Als Christen sehen wir unsere Aufgabe gerade darin, dafür Sorge zu tragen, dass die Wahrheit zum Zuge kommen kann. Dies ist nur möglich, wenn historische Ereignisse nicht verschwiegen oder geleugnet werden und beiden Seiten, Tätern wie Opfern, die Möglichkeit gegeben wird, Schuld und Verletzungen ohne Angst vor Repressionen auszusprechen. Dabei steht uns die schmerzvolle Erinnerung in der weltweiten Gemeinschaft überlebender Armenier an die Ereignisse vor Augen. Aber wir richten unseren Blick auch auf die Diskussion dieser Fragen in der türkischen Öffentlichkeit. Solange jedoch in der Türkei vor allem Wissenschaftler, Journalisten und Juristen mit Strafverfolgung rechnen müssen, wenn sie Dokumente, Analysen und Texte zu den Massakern von 1914/15 veröffentlichen, ist ein heilender Prozess, ist Versöhnung in der türkischen Gesellschaft unmöglich. Wir setzen uns für eine offene und vorurteilslose Erörterung dieser Geschehnisse ein, die den Opfern der damaligen Gewalthandlungen Gerechtigkeit widerfahren lässt.

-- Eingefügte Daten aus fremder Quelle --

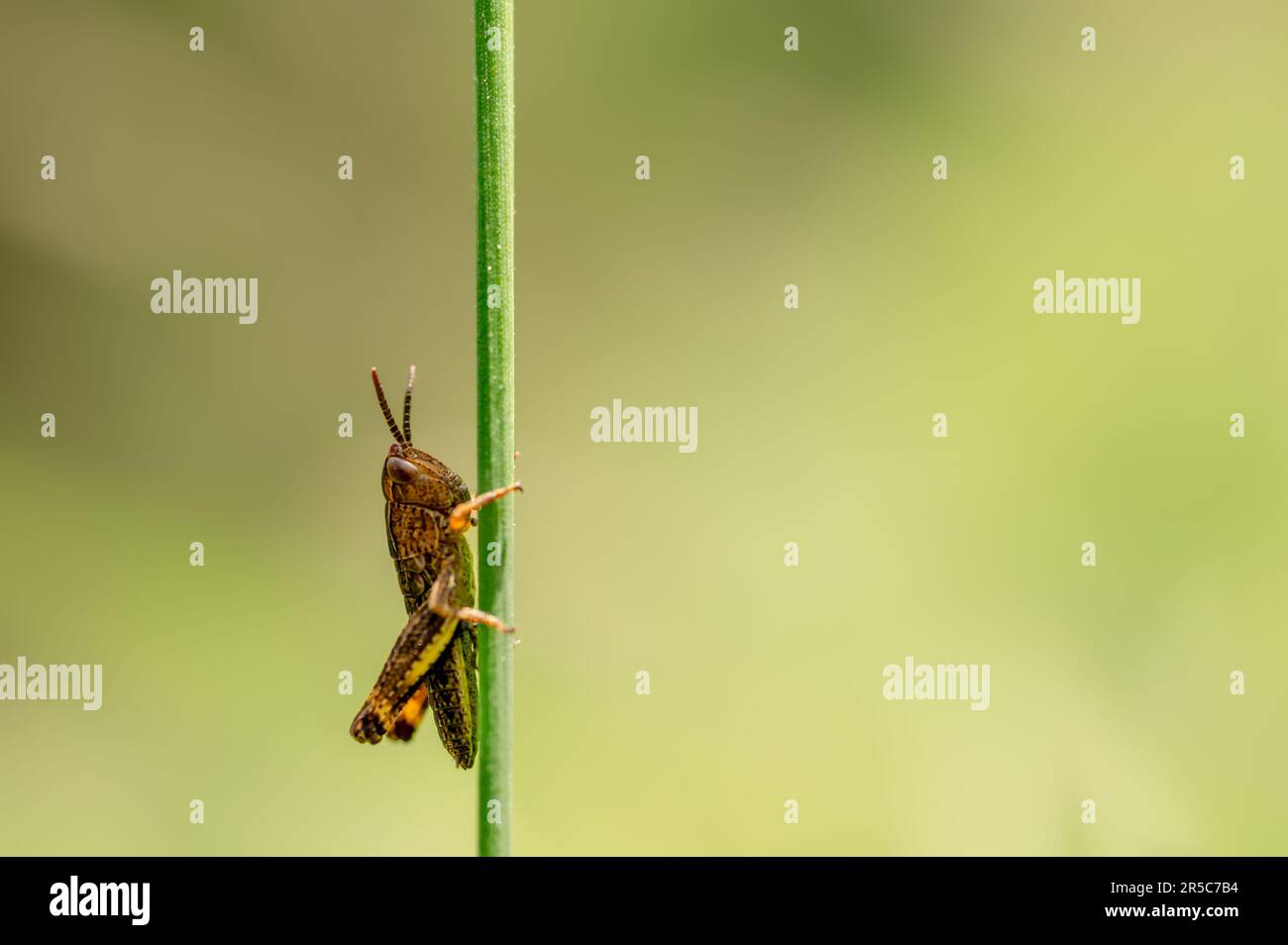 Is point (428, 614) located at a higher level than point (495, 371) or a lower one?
lower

Als Deutsche wissen wir, welche geistliche, intellektuelle und gesellschaftliche Herausforderung die historische Aufarbeitung der Verbrechen des vergangenen Jahrhunderts darstellt. Uns ist bewusst, dass sich mit dieser Aufarbeitung weitreichende Erwartungen an eine politische und wirtschaftliche Wiedergutmachung verbinden können. Unsere eigene Erfahrung ermutigt uns aber auch dazu, für einen Prozess der Versöhnung zwischen dem türkischen und dem armenischen Volk einzutreten. Vor allem der Jugendaustausch zwischen den Völkern bietet die Chance, der nachwachsenden Generation durch persönliche Kontakte und Freundschaften neue Perspektiven des Zusammenlebens zu ermöglichen. Gerade auch um des Verständnisses in der jüngeren Generation willen bedürfen die Gewalttaten der Vergangenheit einer sorgfältigen Behandlung in den Schulbüchern. Sie darf nicht durch politische Interessen verhindert werden.

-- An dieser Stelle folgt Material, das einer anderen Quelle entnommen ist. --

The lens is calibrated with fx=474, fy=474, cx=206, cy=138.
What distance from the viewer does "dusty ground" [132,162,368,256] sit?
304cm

Auch in Deutschland bleibt es nötig, sich der Vergangenheit zu stellen. Angesichts der Mitverantwortung des Deutschen Reichs ist ein deutscher Beitrag zur Aufarbeitung von Vernichtung und Vertreibung der Armenier unabdingbar und für die Aufarbeitung der Geschichte ethnischer Konflikte im 20. Jahrhundert unverzichtbar. Es ist ein Verdienst der Evangelischen Akademien, des Lepsius-Archivs, des Lepsius-Hauses und zahlreicher engagierter Gruppen und Personen, dass dieser Prozess begonnen hat. Die Arbeit des Lepsius-Hauses in Potsdam als eines Zentrums für Erinnerung, Forschung, Bildung und Begegnung verdient Unterstützung und Förderung. Die Evangelische Kirche in Deutschland bejaht es ausdrücklich, wenn dabei auch die Rolle der Kirche im Verhältnis zu dem Lebenswerk von Johannes Lepsius kritisch untersucht wird.

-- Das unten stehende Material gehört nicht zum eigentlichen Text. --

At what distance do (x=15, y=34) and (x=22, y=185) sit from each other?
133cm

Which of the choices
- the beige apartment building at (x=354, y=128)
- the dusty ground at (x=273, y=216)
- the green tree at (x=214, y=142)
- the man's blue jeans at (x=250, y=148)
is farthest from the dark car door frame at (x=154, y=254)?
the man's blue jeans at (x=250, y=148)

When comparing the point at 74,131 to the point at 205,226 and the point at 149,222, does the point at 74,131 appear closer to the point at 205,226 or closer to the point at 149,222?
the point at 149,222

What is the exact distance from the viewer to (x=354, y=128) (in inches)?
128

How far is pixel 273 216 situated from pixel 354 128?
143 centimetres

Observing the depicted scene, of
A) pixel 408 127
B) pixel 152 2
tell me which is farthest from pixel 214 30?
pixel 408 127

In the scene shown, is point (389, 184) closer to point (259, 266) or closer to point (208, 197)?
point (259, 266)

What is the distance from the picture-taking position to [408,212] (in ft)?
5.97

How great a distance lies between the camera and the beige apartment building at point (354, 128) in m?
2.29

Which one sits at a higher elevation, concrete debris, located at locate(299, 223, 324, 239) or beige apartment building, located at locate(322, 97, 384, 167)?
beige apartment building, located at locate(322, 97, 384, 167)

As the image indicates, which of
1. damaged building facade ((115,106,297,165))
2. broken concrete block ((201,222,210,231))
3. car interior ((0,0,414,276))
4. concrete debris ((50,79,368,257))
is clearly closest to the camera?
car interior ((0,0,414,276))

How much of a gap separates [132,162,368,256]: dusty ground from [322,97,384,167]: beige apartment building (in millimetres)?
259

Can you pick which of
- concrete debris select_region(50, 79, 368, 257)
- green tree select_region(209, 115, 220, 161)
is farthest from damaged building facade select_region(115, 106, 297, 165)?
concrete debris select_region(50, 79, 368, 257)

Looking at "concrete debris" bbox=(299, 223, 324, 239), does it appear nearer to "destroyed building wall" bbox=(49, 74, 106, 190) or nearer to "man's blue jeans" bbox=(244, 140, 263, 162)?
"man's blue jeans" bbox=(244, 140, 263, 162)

Mit Dankbarkeit schauen die EKD und die armenische Kirche auf eine lange Phase herzlicher Verbundenheit zurück, die gerade in den letzten Jahren in vielen ökumenischen Begegnungen und Hilfsprojekten der Diakonie wie des Entwicklungsdienstes Ausdruck gefunden hat. Kirchen und Akademien bieten ein Forum für Begegnungen und Gespräche zwischen Türken, Armeniern und Deutschen auch in unserem Land.

Aus Anlass des neunzigjährigen Gedenkens an den Beginn der Todesmärsche bittet der Rat der EKD Bundestag und Bundesregierung, ihren politischen Beitrag dazu zu leisten, dass zwischen Türken und Armeniern ein Ausgleich durch die Bereitschaft zu Wahrheit und Versöhnung, durch das Verzeihen historischer Schuld und durch einen mutigen Neubeginn erreicht wird.